The Times made the excellent point—one elaborated upon by several others—that as much as it would be nice if everyone told the truth all the time in their public statements, the law as written goes too far and, according to Ninth Circuit Chief Judge Alex Kozinski, leaves "wide areas of public discourse to the mercies of the truth police."

But then, in an attempt to bolster its case, The Times slipped in a gratituous slam against adult content ... and the Cranky Old Guy called them on it in a letter The Times declined to print:

To the Editor,

What a shame that in editorializing ("Honor and Free Speech," Feb. 22) in support of Xavier Alvarez's First Amendment right to lie about his non-existent military service and non-receipt of a Congressional Medal of Honor, The Times has inadvertently supported its own right to lie: About "obscenity."

"Mr. Alvarez’s lies were not inherently harmful to others, like libel or obscenity, so they do not fall outside the First Amendment’s coverage," you wrote.
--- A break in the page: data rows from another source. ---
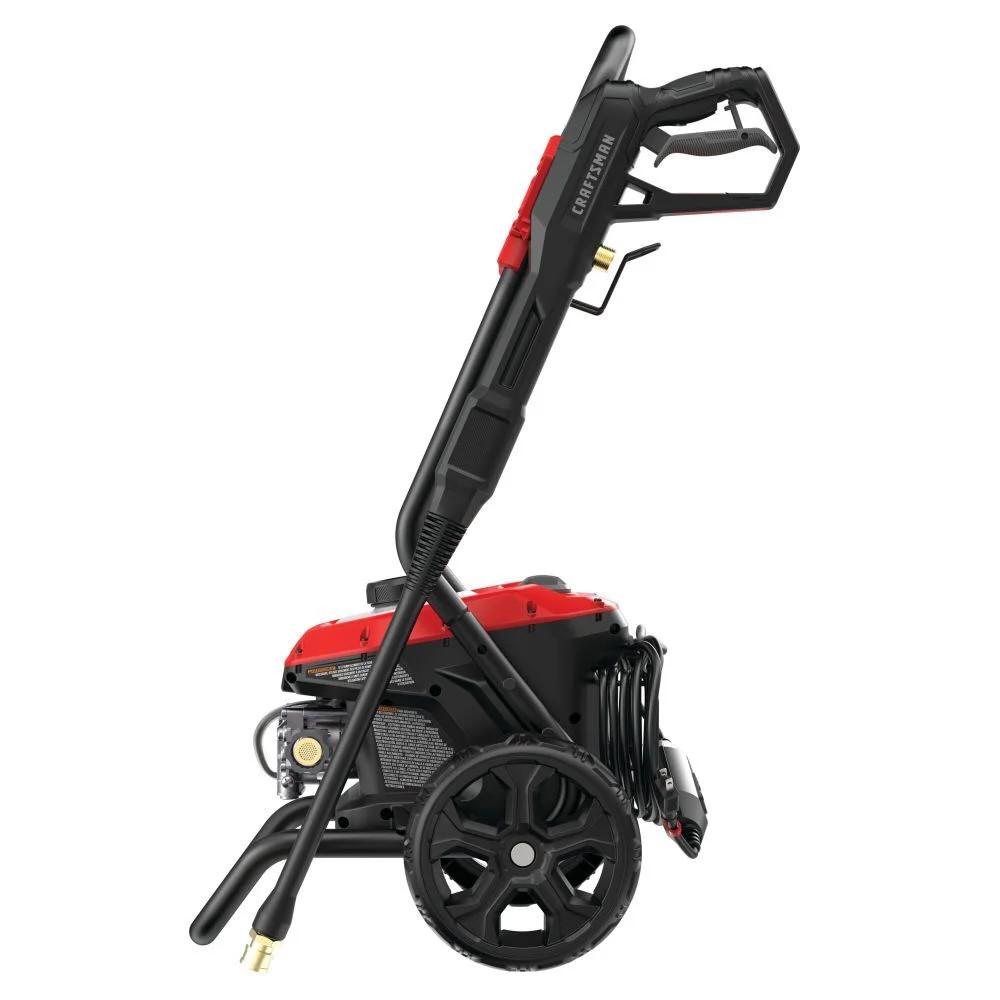 Craftsman 1900 Psi 1.2 Gpm Electric Cold Water Pressure Washer With 3 Spray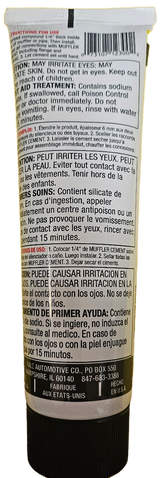 Yale MC16 Muffler Cement 16oz pack of 6 Exhaust Patch & Sealant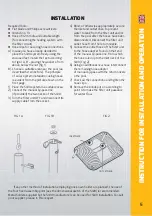 Предварительный просмотр 5 страницы Mountfield SPIRAL Instructions For Installation And Operation Manual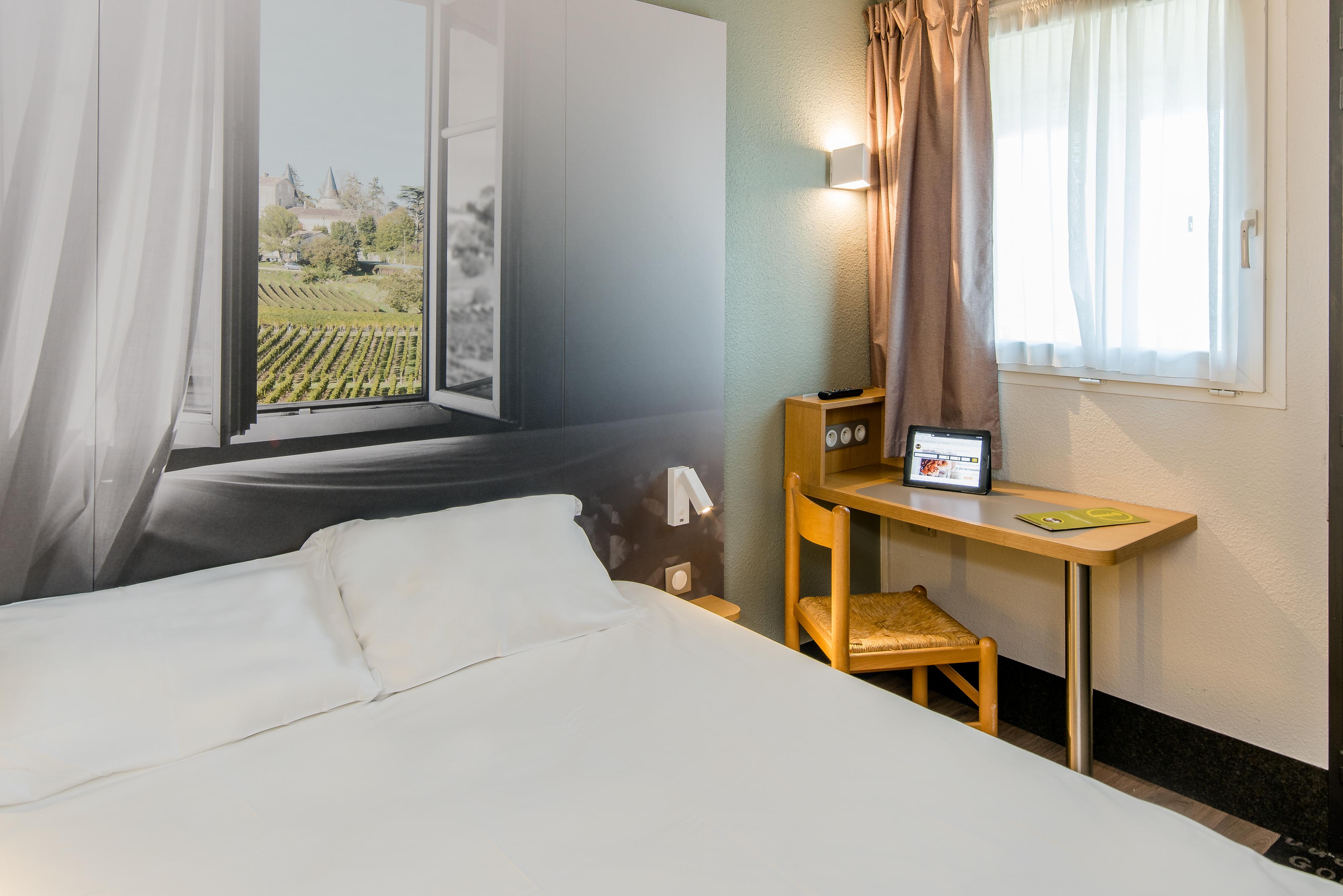 B&B Hotel Bordeaux Merignac Hotel De Ville Buitenkant foto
However, there is no peer-reviewed scientific data that has shown that obscenity is "inherently harmful" to anyone, and even the Supreme Court has ruled, in Stanley v. Georgia (1969), that citizens may lawfully possess obscene material in their homes—a strange position for the high court to take if it believed that obscenity were actually intrinsically harmful.

Moreover, despite the hundreds of obscenity prosecutions that have taken place over the years at the federal, state and municipal levels, in not one single instance has a prosecutor ever called a witness to testify that he or she had been personally harmed by exposure to "obscene" material. Instead, they rely on anecdotal reports from pro-censorship groups and appeals to the "community standards," when it's long been clear that the vast majority of Americans have never discussed their sexual preferences, let along their sexual media preferences, with their neighbors in order for the jurors selected to try the case to form an idea of what are their own community's "standards."

And finally, of course, there is nothing in the First Amendment itself that allows even the Supreme Court to exempt "obscenity" from the unqualified rights of "freedom of speech, or of the press." (This same prohibition, of course, would apply to such banned speech as defamation and fraud, but the solution is not to summarily ban such speech by Supreme Court edict; it's to pass a constitutional amendment to exempt those forms of speech from First Amendment protections. The fact that Americans appear to be too lazy or complacent to do the work necessary to comply with the Constitution's speech clauses is not an excuse to ignore that document's clear wording.)

So as long as The Times has taken the stance that non-harmful speech is fully protected by the Constitution, perhaps it should rethink its mistaken impression that anyone is harmed by "obscene" speech.